Continuing with the story of Frank’s and my experience our first week here in Georgia …

Early Wednesday morning, I got up to make the trek to the bathroom. I put Frank in a crate I had bought for the trip – not a metal one (I can’t stand the idea of a cage for my beloved companion). No, this one was made out of material, with a wire frame and a zippered front.

I have to say, I had my doubts about whether this crate would do the trick, so after putting him in it and leaving the tent, I decided to sit at the picnic table a bit, just to make sure it would hold before heading across the field. I’m glad I did …

I couldn’t have been seated two minutes when a ruckus arose from inside the tent. It sounded like John Cena and the Rock had teleported in and were in the middle of a WWE extravaganza! The crashing started at the back of the tent where the crate was initially stationed … then moved to the center of the tent … and then finally to the front, where the tent shook as it hit the corner.
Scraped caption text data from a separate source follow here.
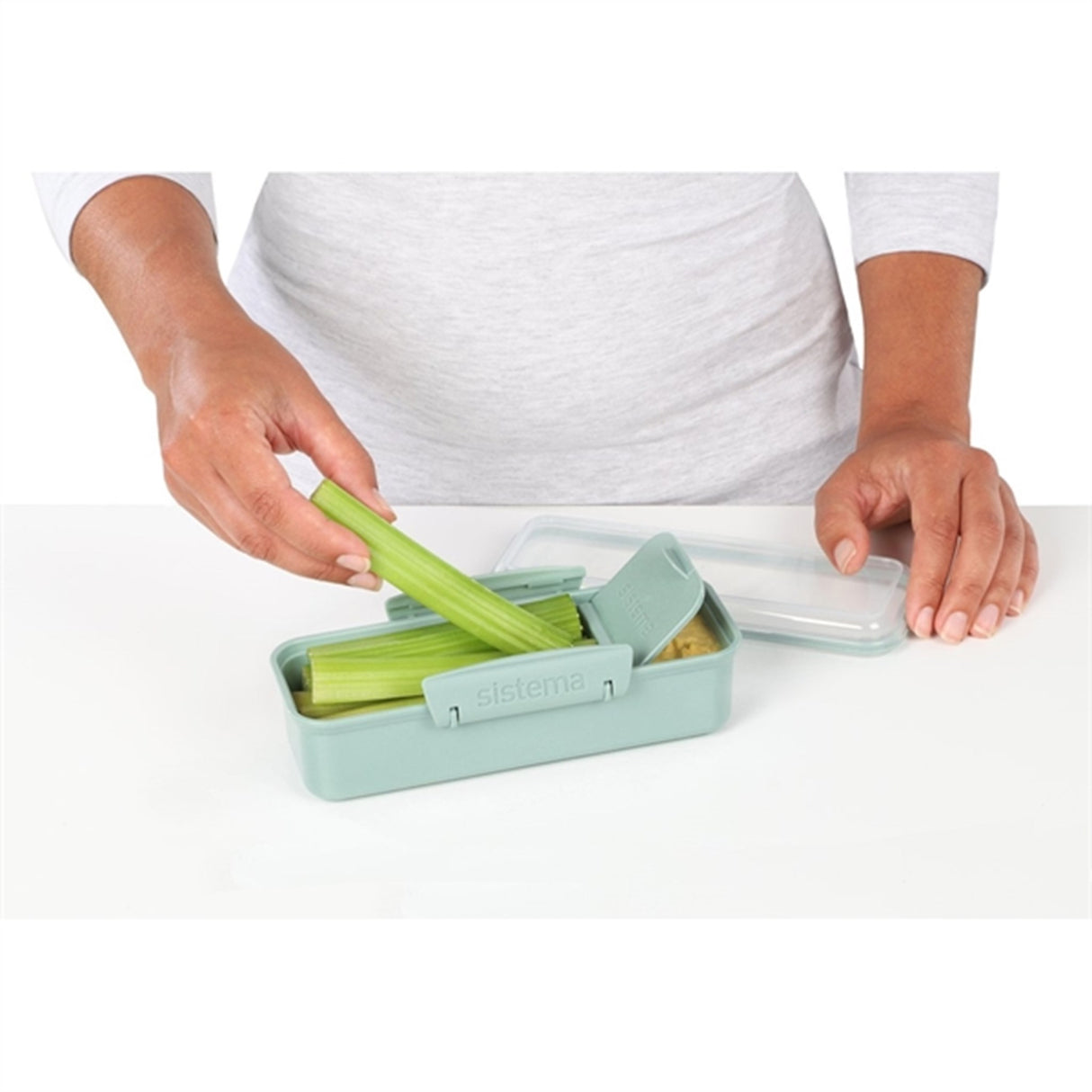 Sistema Renew Snack Attack Matboks 410 ml Mint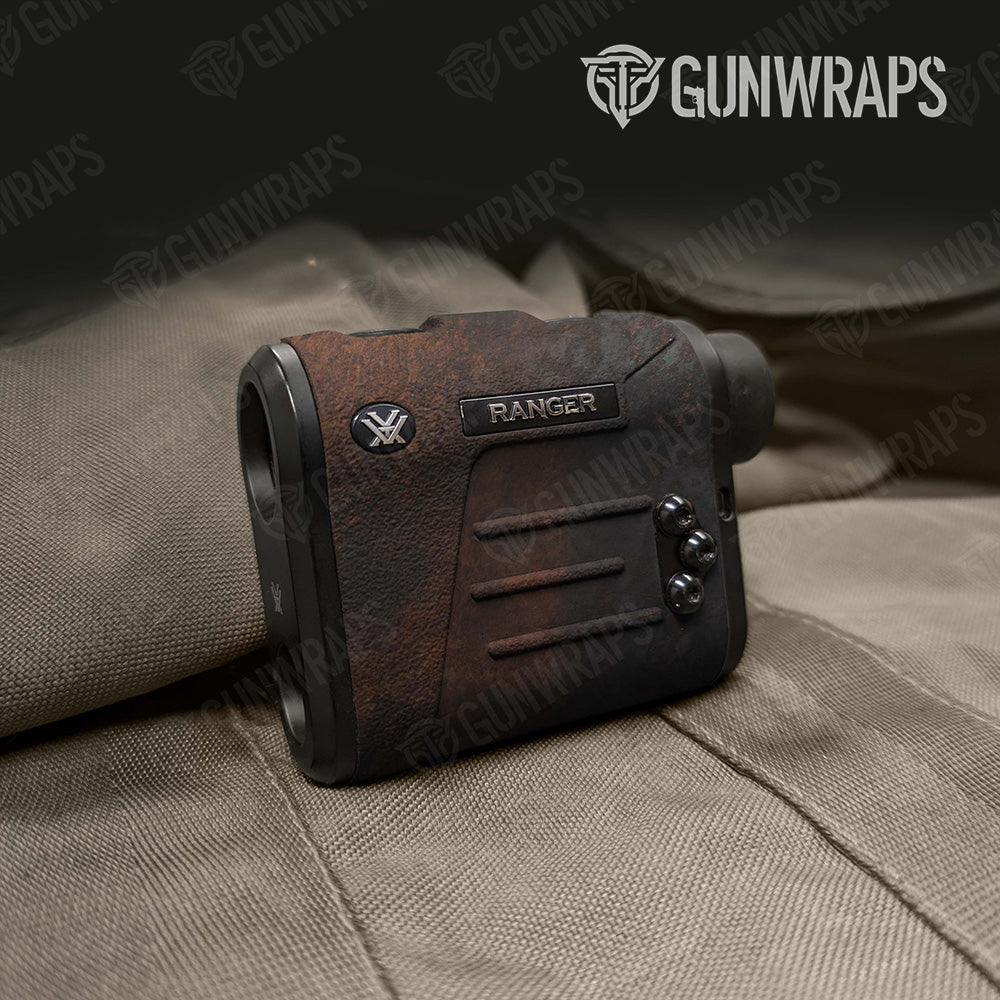 Rangefinder Rust Black Gear Skin Vinyl Wrap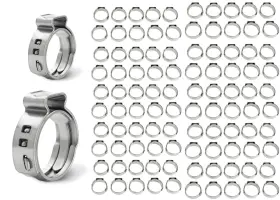 Pexflow Pxkt-cr1234 Supply Giant Pex Cinch Clamps - 100 Pcs Of 1/2 Inch 50 3/4 Stainless St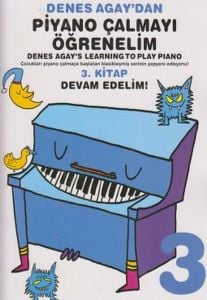 Denes Agay\'dan Piyano Çalmayı Öğrenelim 3. Kitap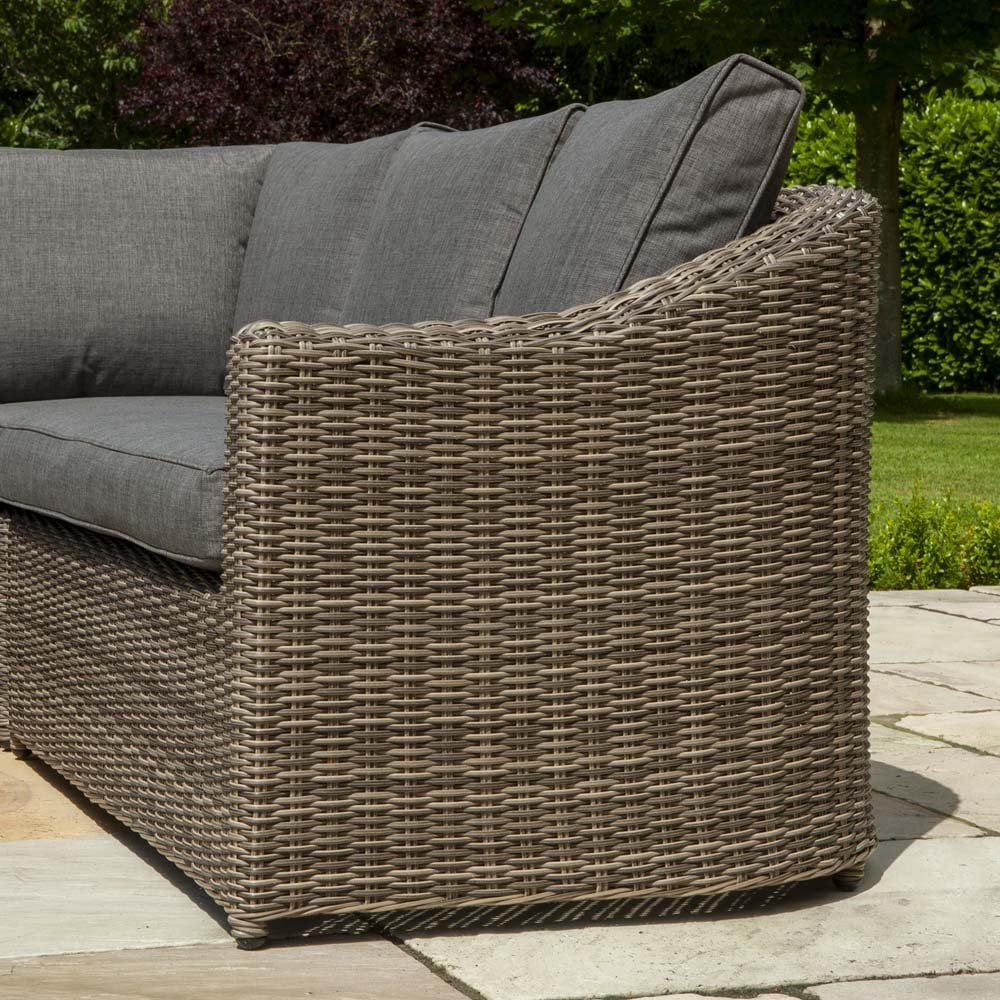 Bunbury Rattan Corner Set | Stylish and Comfortable Outdoor Seating for Your Garden_Garden Furniture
Then silence … and a nose peeking through the zippered door on the tent. Frank scooted himself through and stood there for a minute, getting his bearings. I loudly whispered, “FRANK”. He turned, saw me, and then ran full speed to where I was sitting and lunged into my arms. The only thing I could do was laugh and say, “Geezus, Frank … what the f**k???” I set him down and he wouldn’t leave my side. It was like he was glued to my calf! He nearly tripped me two or three times as I walked back to the tent … and he wouldn’t go back in until he saw I was going to do the same thing. When I entered, I saw the crate up on its side, leaning against the corner of the tent, with my neat pile of clothes strewn all over the place! I asked, “Frank, what did you do here, huh?” He just went over to the end of the bed, laid down and when “Pfftttt” … and he wouldn’t come over to me, despite me calling him four or five times. (“The nerve! First, I have to suffer the indignity of being locked in this THING, and then you leave???? And NOW you wnt me to come over to you? Yeah, right!”) The crate is now packed back in the car trunk.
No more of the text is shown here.